11. Il ressort des pièces du dossier que M. A... a fait l'objet d'une précédente obligation de quitter le territoire français prise à son encontre par le préfet des Hauts-de-Seine le 12 juin 2021. Par suite, le préfet de la Seine-Saint-Denis, qui a procédé à un examen particulier de la situation personnelle de l'intéressé, était fondé pour ce seul motif à refuser à M. A... un délai de départ volontaire. Dans les circonstances rappelées au point 9 du présent arrêt, la décision lui refusant un délai de départ volontaire n'est pas entachée d'une erreur d'appréciation de la situation personnelle de M. A....

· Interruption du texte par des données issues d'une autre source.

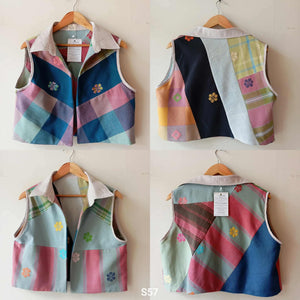MASINING V1: REVERSIBLE S57 W/ PALE LILAC LINEN COLLAR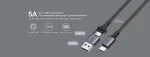 USB Type-C 2-in-1 laidas Orsen S8, 5A, 1,5 m (greitas įkrovimas/duomenys)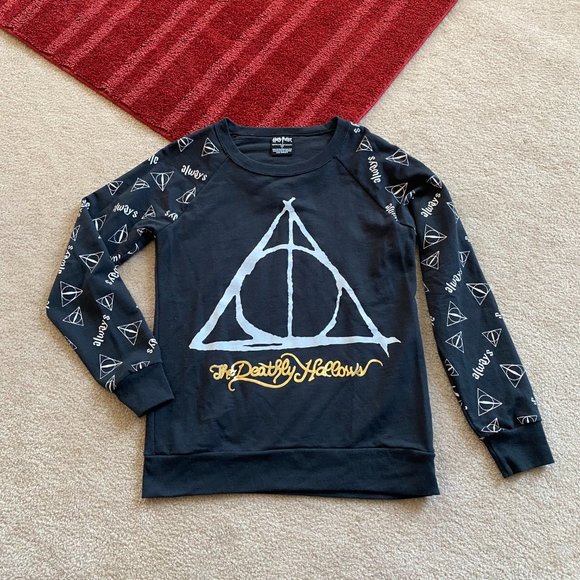 Harry Potter Jrs S The Deathly Hallows Sweatshirt - Picture 2 of 8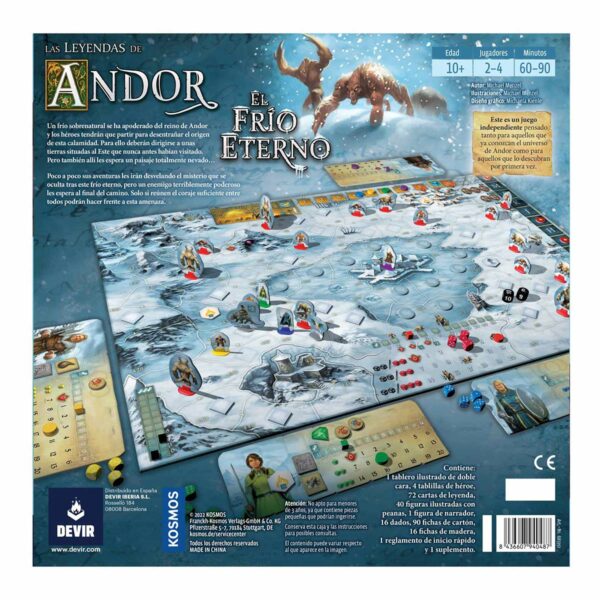 8436607940487-1200-backflat Las Leyendas de Andor: El Frío Eterno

12. En dernier lieu, aux termes de l'article L. 612-6 du code de l'entrée et du séjour des étrangers et du droit d'asile : " Lorsqu'aucun délai de départ volontaire n'a été accordé à l'étranger, l'autorité administrative assortit la décision portant obligation de quitter le territoire français d'une interdiction de retour sur le territoire français. Des circonstances humanitaires peuvent toutefois justifier que l'autorité administrative n'édicte pas d'interdiction de retour (...) ". Aux termes de l'article L. 612-10 du code de l'entrée et du séjour des étrangers et du droit d'asile : " Pour fixer la durée des interdictions de retour mentionnées aux articles L. 612-6 et L. 612-7, l'autorité administrative tient compte de la durée de présence de l'étranger sur le territoire français, de la nature et de l'ancienneté de ses liens avec la France, de la circonstance qu'il a déjà fait l'objet ou non d'une mesure d'éloignement et de la menace pour l'ordre public que représente sa présence sur le territoire français (...) ".
13. L'arrêté contesté mentionne la durée de présence du requérant, ses liens sur le territoire français, la circonstance qu'il a déjà fait l'objet d'une précédente obligation de quitter le territoire français, ainsi que la menace pour l'ordre public que représente sa présence en France, compte tenu du motif de son interpellation le 5 décembre 2022. Le moyen d'insuffisance de motivation manque par conséquent en fait.
14. Dans les circonstances rappelées aux points précédents, en assortissant la décision faisant obligation à M. A... de quitter le territoire français sans délai d'une interdiction de retour sur le territoire français, et en fixant à deux ans la durée de cette interdiction, le préfet de la Seine-Saint-Denis n'a pas fait une inexacte application des dispositions des articles L. 612-6 et L. 612-10 du code de l'entrée et du séjour des étrangers et du droit d'asile.
15. Il résulte de ce qui précède que M. A... n'est pas fondé à demander l'annulation de l'arrêté du préfet de la Seine-Saint-Denis du 5 décembre 2022. Par voie de conséquence, ses conclusions à fin d'injonction sous astreinte et celles présentées au titre de l'article L.761-1 du code de justice administrative doivent également être rejetées.
DÉCIDE :
Article 1er : Le jugement n° 2216595 du 24 janvier 2023 du magistrat désigné du tribunal administratif de Cergy-Pontoise est annulé.
Article 2 : Le surplus des conclusions de la requête de M. A... est rejeté.
Article 3 : Le présent arrêt sera notifié à M. B... A... et au ministre de l'intérieur.
Copie en sera adressée au préfet de la Seine-Saint-Denis.
Délibéré après l'audience du 21 novembre 2024, à laquelle siégeaient :
Mme Dorion, présidente,
Mme Bruno-Salel, présidente-assesseure,
M. de Miguel, premier conseiller.
Rendu public par mise à disposition au greffe le 5 décembre 2024.
Le rapporteur,
F-X. DE MIGUELLa présidente,
O. DORIONLa greffière,
C. YARDE
La République mande et ordonne au ministre de l'intérieur en ce qui le concerne ou à tous commissaires de justice à ce requis en ce qui concerne les voies de droit commun contre les parties privées, de pourvoir à l'exécution de la présente décision.